At pressures less than 60 GPa and temperatures less than 2,000 K (run nos. 1–6), the reaction products consisted of MgSiO₃-perovskite (Mg-Pv), CaSiO₃-perovskite (Ca-Pv), Stishovite (St), CaFe₂O₄-type aluminous phase (CF), magnesite (Mgs), and aragonite (Arg), as shown in Figs. 1a, b. ATEM observations were used to identify the carbonate phases (Mgs and Arg). The CaCO₃ component in the starting material was provided by crystalline calcite (diameter ∼1 μm), ensuring that realistically small particles of CaCO₃ were distributed throughout the sample chamber.
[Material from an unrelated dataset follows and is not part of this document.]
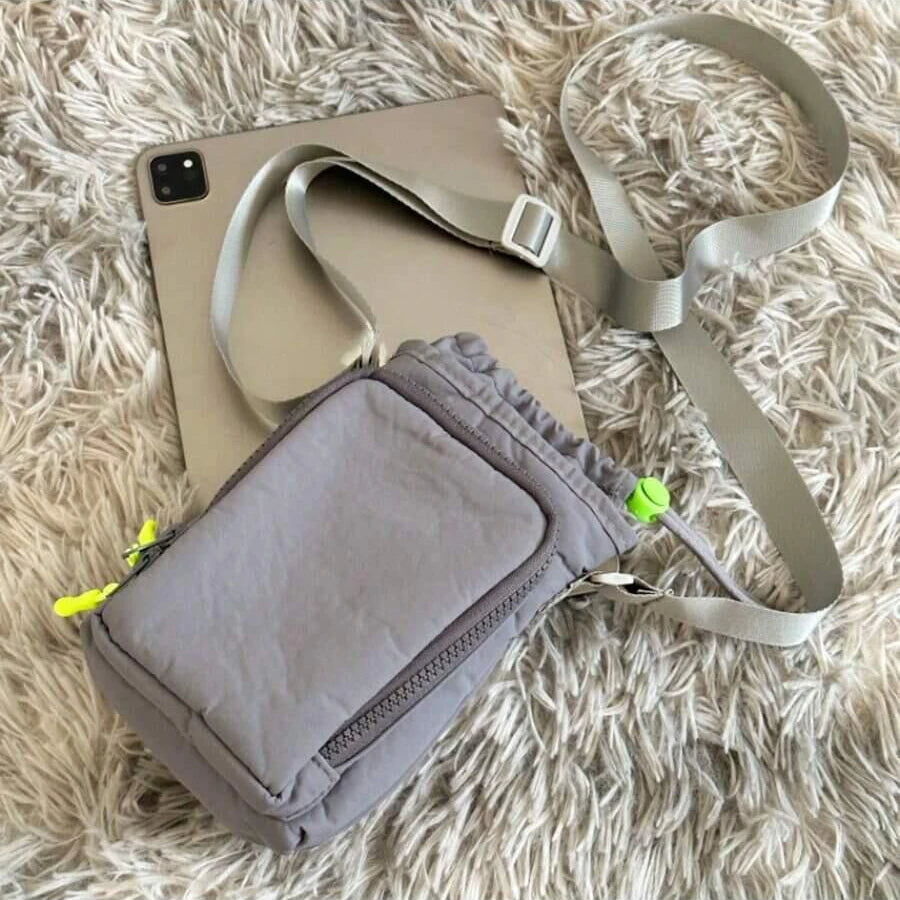 Water-Resistant Crossbody Water Bottle Bag with Front Pocket — product view 7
Consequently, the CaCO₃-rich area gave rise to Ca-Pv + St + CF + Mgs + Arg (Fig. 1b) and the CaCO₃-poor area yielded Ca-Pv + Mg-Pv + St + CF + Mgs. TEM observations also revealed that Mg-Pv grains were not in contact with Arg grains within the laser-heated area. The product phases of calcite-free MORB glass under the same conditions were Mg-Pv + Ca-Pv + St + CF, which are consistent with the findings of previous studies (Hirose et al. 2005). On the basis of these results, the following reaction is considered to be dominant for the tested calcite-bearing system under pressure conditions below 60 GPa and temperatures below 2,000 K:

$$ {\text{MgSiO}}_{3} ({\text{Mg}{-}\text{Pv}}) + {\text{CaCO}}_{3} ({\text{Arg}}) \to {\text{CaSiO}}_{3} ({\text{Ca}{-}\text{Pv}}) + {\text{MgCO}}_{3} ({\text{Mgs}}). $$

(1)

Although Reaction 1 has been reported previously in the MgSiO₃–CaCO₃ system (Biellmann et al. 1993), we confirmed it in a system that resembles the natural system. At pressures of 60–80 GPa and temperatures of less than 2,300 K (run nos. 7–8), the same assemblages were observed except for the phase transition from stishovite to the CaCl₂-structured SiO₂ phase (CS).

Fig. 1

TEM images of the reaction products of MORB + CaCO₃ runs recovered from a, b 44 GPa and 1,900 K and c 42 GPa and 3,000 K; d is the electron diffraction pattern for the diamond shown in c

At higher temperatures than 2,000 K, discontinuous changes in temperature were observed during the laser heating: after a slight increase in laser power around 2,000 K at 60 GPa or less, the temperature increased rapidly to 2,850 K or higher (run nos. 9–13). Also, on decreasing laser power after discontinuous changes, temperature discontinuously decreased. On the other hand we were able to smoothly control the temperature at pressures above 60 GPa (run nos. 14–15). At pressures of less than 60 GPa and temperatures above 2,850 K (run nos. 9–13), the run products changed to Mg-Pv, Ca-Pv, St, CF, and diamond (Figs. 1c, d); no carbonates were observed in the reacted zones. Diamond was also observed at pressures of 60–80 GPa and temperatures above 2,400 K (run nos. 14–15). The diamond grains are relatively large in size (∼1 μm) and smaller in number than the other constituent phases. The electron diffraction pattern (Fig. 1d) is fully consistent with that of cubic diamond \( (Fd\ifmmode\expandafter\bar\else\expandafter\=\fi{3}m). \) Our current interpretation is that the following reactions occurred in succession:

$$ {\text{MgCO}}_{3} ({\text{Mgs}}) + {\text{SiO}}_{2} ({\text{St}}) \to {\text{MgSiO}}_{3} ({\text{Mg}{-}\text{Pv}}) + {\text{CO}}_{2} ( - {\text{V}}\;{\text{or}} - {\text{VI}}). $$

(2)

$$ {\text{CO}}_{2} ( - {\text{V}}\,{\text{or}} - {\text{VI}}) \to {\text{C}}({\text{diamond}}) + {\text{O}}_{2} (\varepsilon - {\text{O}}_{2} ). $$

(3)

At 30–80 GPa and around 2,000 K, the non-molecular solid phase (CO₂-V or CO₂-VI) is the possible form of CO₂ (Iota and Yoo 2001; Tschauner et al. 2001; Yoo et al. 1999). Oxygen probably exists as the ε-phase (Akahama et al. 1995) under the conditions of the lower mantle. The exact temperature at which Reactions 2 and 3 began in the studied system could not be determined because of the discontinuous changes in temperature observed during the experiments.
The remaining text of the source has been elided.